In accordance with Article 75 CISG, B is entitled to recover damages incurred as a result of covering its
needs from another supplier in the event that S fails to fulfill its obligations.
Article 75
If the contract is avoided and if, in a reasonable manner and within a reasonable time after avoidance,
the buyer has bought goods in replacement or the seller has resold the goods, the party claiming damages may
recover the difference between the contract price and the price in the substitute transaction as well as any further
damages recoverable under article 74.
B is entitled to withhold payment under the contract in the amount of the damages incurred due to defects
in the goods and additional examination costs.
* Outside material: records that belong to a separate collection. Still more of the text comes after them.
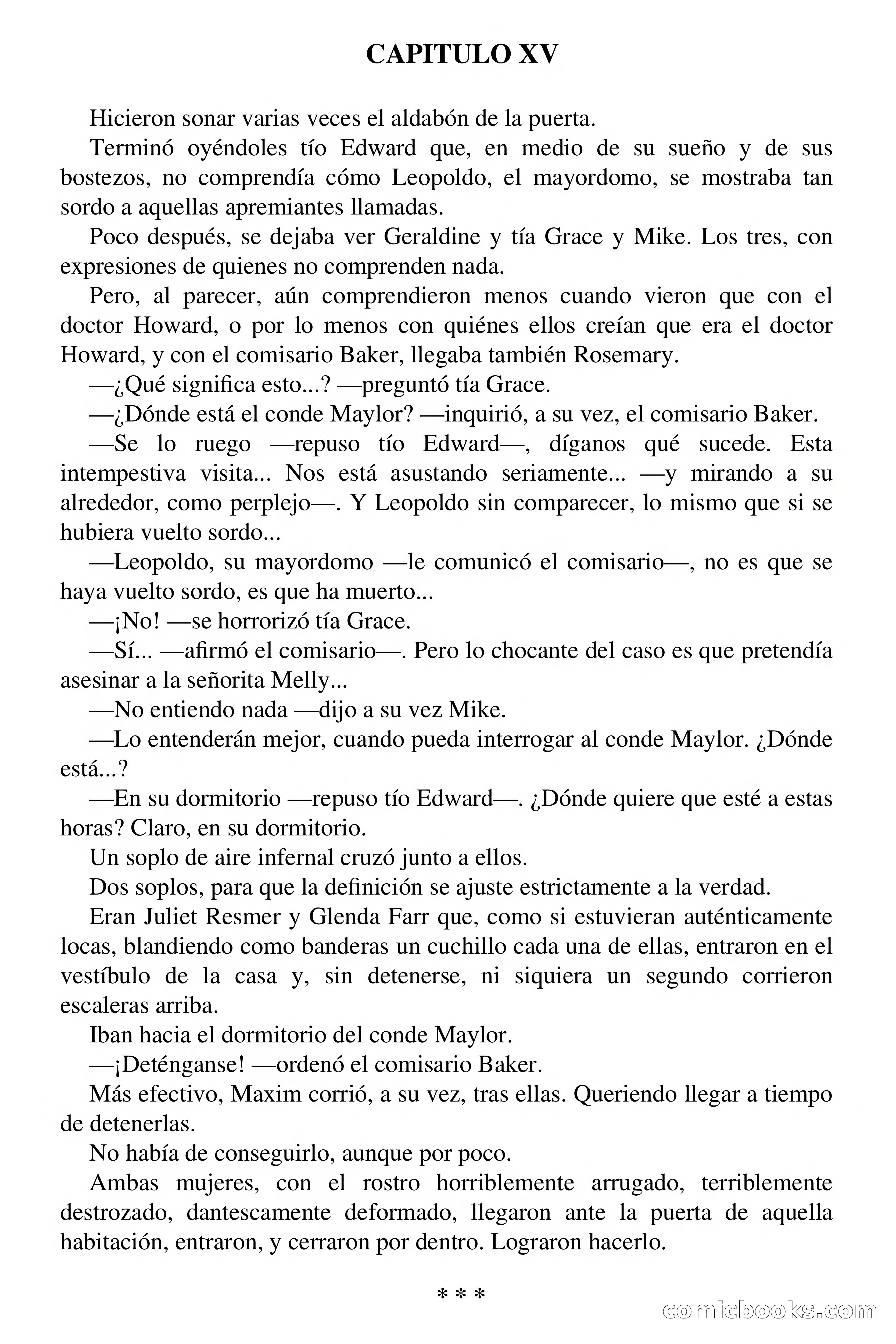Selección Terror: ¡Peor que asesinar…! — page 53 of 60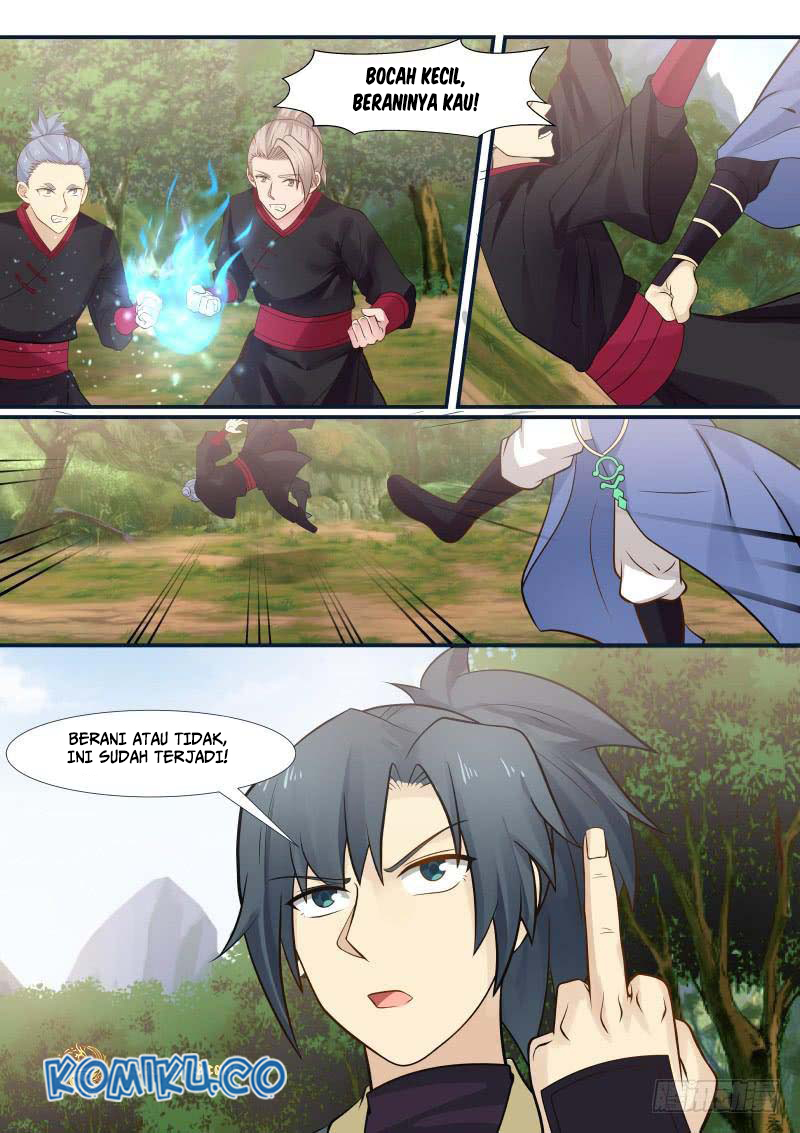 Martial Peak Chapter 291 Bahasa Indonesia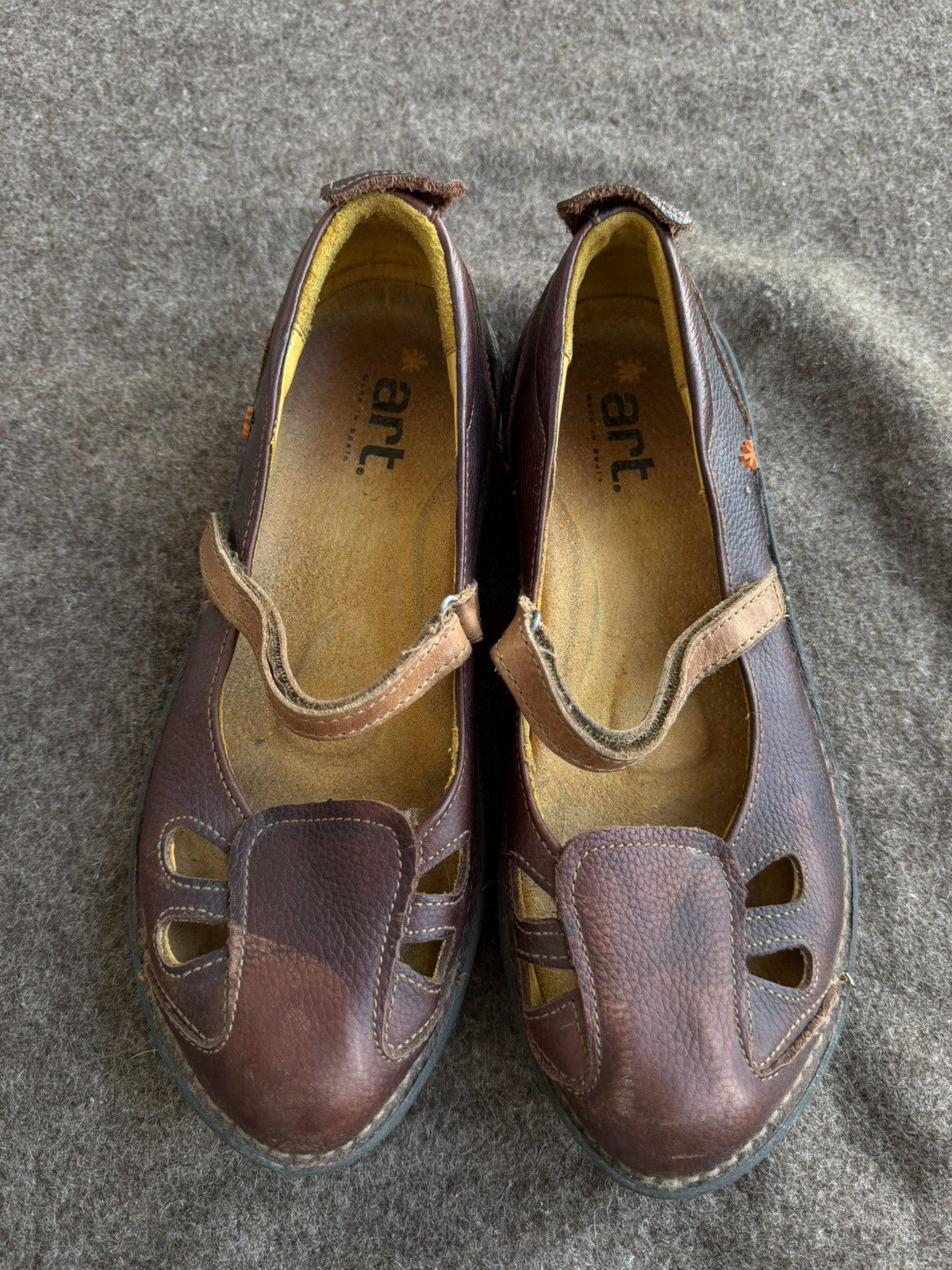 Other The Art Company Leather Sandals Size US 11 / IT 41 - 3 Thumbnail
Under CISG rules, S may require B to fulfill its obligations under the contract, including payment of the
purchase price for the goods delivered. However, if B refuses to perform the contract due to non-substantial defects
of the goods, S may demand judicial resolution of the dispute and oblige B to perform the contract.
B is entitled to demand the replacement of the defective goods with the corresponding goods or a
reduction of the price if the goods do not conform to the contract. According to Article 46 CISG, the buyer is
entitled to one of these claims if the goods do not conform to the contract.
In this situation, it is important to consider the specific terms of the contract, the nature of the defects in the goods
and the circumstances of the performance of the contract. The resolution of the dispute may require the application
of the principles of good faith and fair dealing, as well as an analysis of the applicable law and CISG legal rules.
Article 46
(1) The buyer may require performance by the seller of its obligations unless the buyer has resorted to a remedy
which is inconsistent with this requirement.
(2) If the goods do not conform with the contract, the buyer may require delivery of substitute goods only if the
lack of conformity constitutes a fundamental breach of contract and a request for substitute goods is made either
in conjunction with notice given under article 39 or within a reasonable time thereafter.
(3) If the goods do not conform with the contract, the buyer may require the seller to remedy the lack of conformity
by repair, unless this is unreasonable having regard to all the circumstances. A request for repair must be made
either in conjunction with notice given under article 39 or within a reasonable time thereafter.